The reason for this is that most conflict is false. Most conflict is about shit that just. Doesn't. Matter. When you've got to talk yourself into why the stakes are high, they're not. False conflict is all around us, infesting our fiction like rats.

I want to be perfectly clear, false conflict is not the same as fantastic conflict. Trekking into Mordor so that the One Ring can be destroyed in the fires of Mount Doom: this is a fantastic conflict, but the emotions it fuels are real. The struggles and choices the characters make would affect most real people in exactly the same way, given the circumstances.

False conflict is the kind of conflict where, if the characters behaved with even a modicum of maturity for, like, thirty seconds, the plot wouldn't happen. This can occur by many means.

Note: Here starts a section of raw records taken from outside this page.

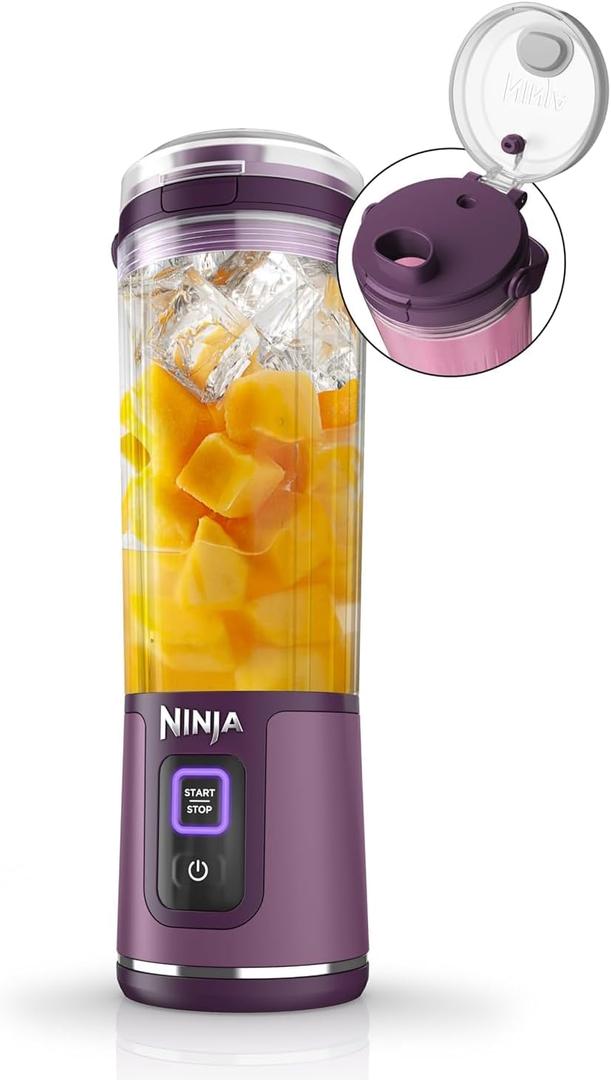 Ninja BC151PR Blast Portable Blender, Cordless, 18oz. Vessel, Personal Blender-for Shakes & Smoothies, BPA Free, Leakproof-Lid & Sip Spout, USB-C Rechargeable, Dishwasher Safe Parts, Passion Fruit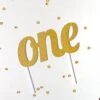 Glitter One Cake Topper - Gold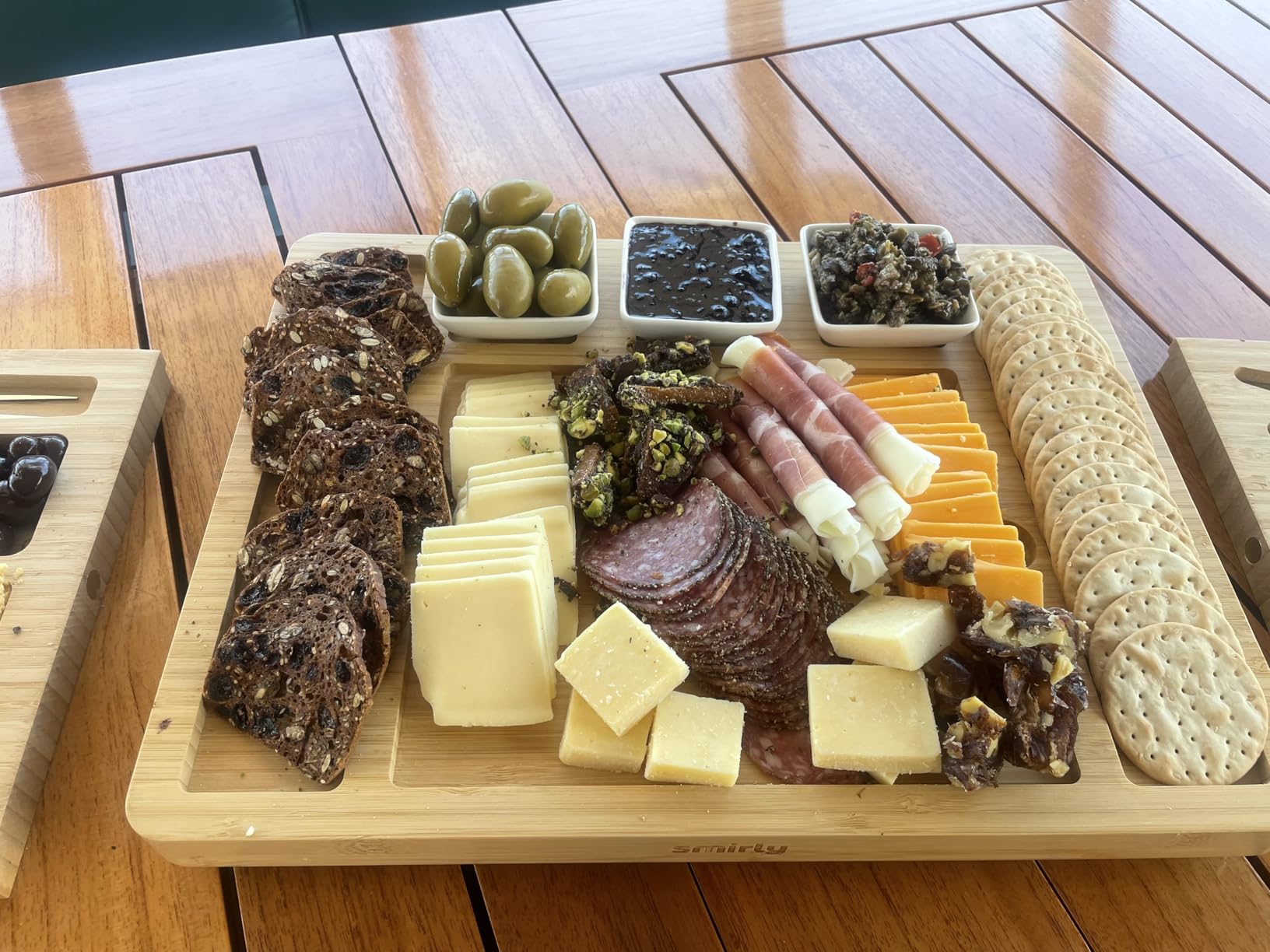 SMIRLY Charcuterie Boards Set - Large Bamboo Cheese Board Set - House Warming Gifts New Home, Wedding Gift for Couple, Bridal Shower Gift, Birthday Gifts for Women customer photo 1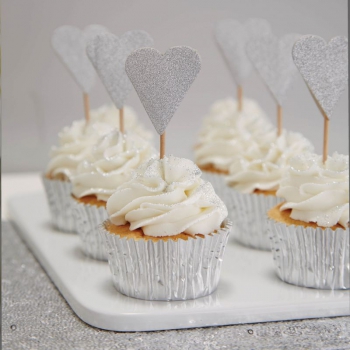 Cupcake Topper Herz Metallic Perfection - silber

1) The characters could become very stubborn about an issue that it is positively ridiculous for them to be stubborn about. Sure, people can have sore spots or even a petty issue here and there, but there are some things where, if anyone really feels that strongly about it, the character just becomes irritating or altogether less likable. "But we need them to disagree! We need our conflict!" You need a different conflict that isn't predicated on bullshit.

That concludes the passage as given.